• _TASK INSTRUCTIONS_
Only one stretch of the data should be retyped: the lines from the line containing "Young Caucasian Man" through the line containing "Used 2025 Nissan Versa SV image 3". Keep pictures out of it.

• _DATA IN THIS EXERCISE_
++++

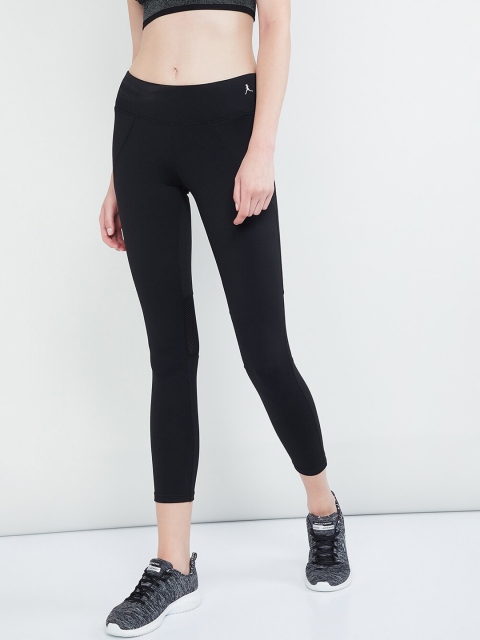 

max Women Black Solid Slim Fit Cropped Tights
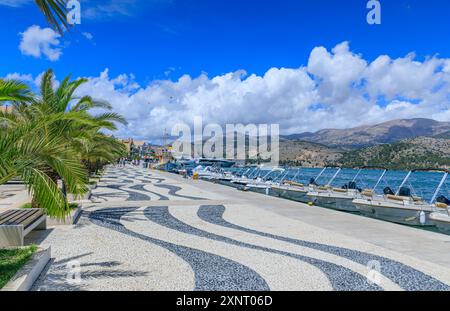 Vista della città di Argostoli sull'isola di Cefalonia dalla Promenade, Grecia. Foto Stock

++++

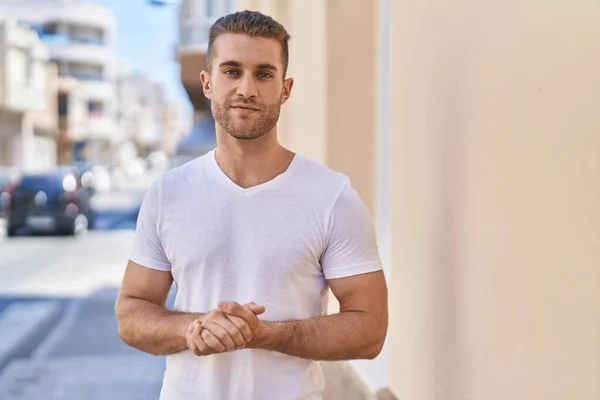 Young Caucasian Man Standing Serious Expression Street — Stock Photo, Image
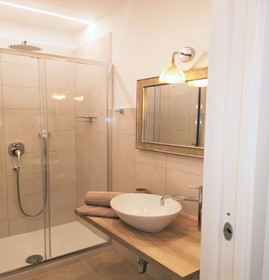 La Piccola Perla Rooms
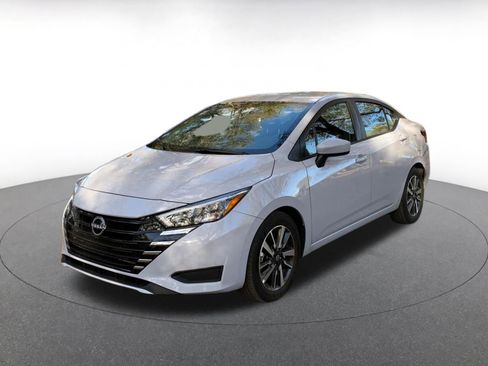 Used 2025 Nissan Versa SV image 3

++++

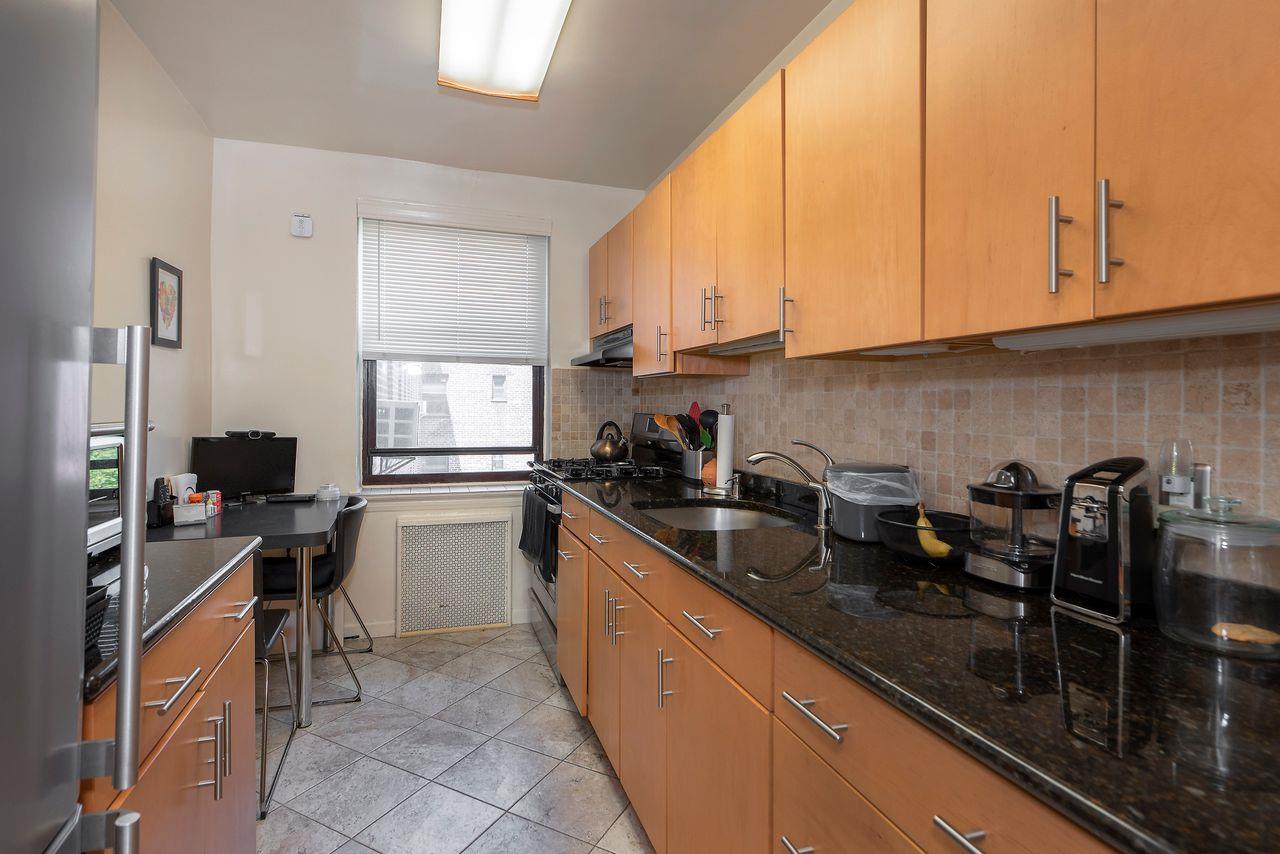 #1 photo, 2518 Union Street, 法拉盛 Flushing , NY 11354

++++

• _REPLY_
 Young Caucasian Man Standing Serious Expression Street — Stock Photo, Image
 La Piccola Perla Rooms
 Used 2025 Nissan Versa SV image 3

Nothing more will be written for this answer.